Sabbaticals don't have to involve only job-related activities or research. Sabbaticals can be taken for personal reasons that benefit you personally. Sabbaticals are not limited to education, training, or writing a book. It can be about resetting your life that has nothing to do with your job.

Some people are known to have taken a six-month sailing sabbatical that had nothing to do with their careers; however, it helped put them in the right frame of mind to be more productive when they returned to work.

Most people do not take sabbaticals from their jobs because they don't know they can. Employees should find out if their company offer sabbatical programs.

Employees might think all sabbatical are unpaid. Employees can negotiate paid sabbatical leave from some companies.

Benefits of Sabbaticals

Sabbaticals are not only beneficial personally for an employee, but they are also good for the company.
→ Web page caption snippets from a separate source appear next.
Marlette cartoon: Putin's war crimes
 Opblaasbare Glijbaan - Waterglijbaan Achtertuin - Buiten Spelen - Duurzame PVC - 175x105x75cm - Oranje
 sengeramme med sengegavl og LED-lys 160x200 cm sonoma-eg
Getting away will help employees who are no longer producing on their job. When employees begin to lack creativity, getting away will help in that area.

A company benefits by allowing an employee to take a sabbatical rather than quitting. If an employee quits, it will cost the company to recruit someone else to hire and train.

Sabbaticals are good for employees and for the company.

The Harvard Business Review recently published an article indicating that organizations benefit when their employees take much-needed sabbaticals. Sabbaticals provide rest for employees to recharge and renew so they can be much better when they return.

Sabbaticals Are On the Rise

Sabbaticals are on the rise in the workplace these days and they are highly recommended. According to the Society for Human Resource Management, 17 percent of employers offered paid or unpaid sabbaticals in 2017. They ranged from a few weeks to several months. In fact, some employees went on more than one sabbatical.

The most significant benefit of sabbaticals is to get a renewed perspective. Usually, when an employee returns from a sabbatical, he is a better worker than before, according to a study published in the Journal of Applied Psychology. The study also proved that a decline in stress was noticed after returning from a sabbatical.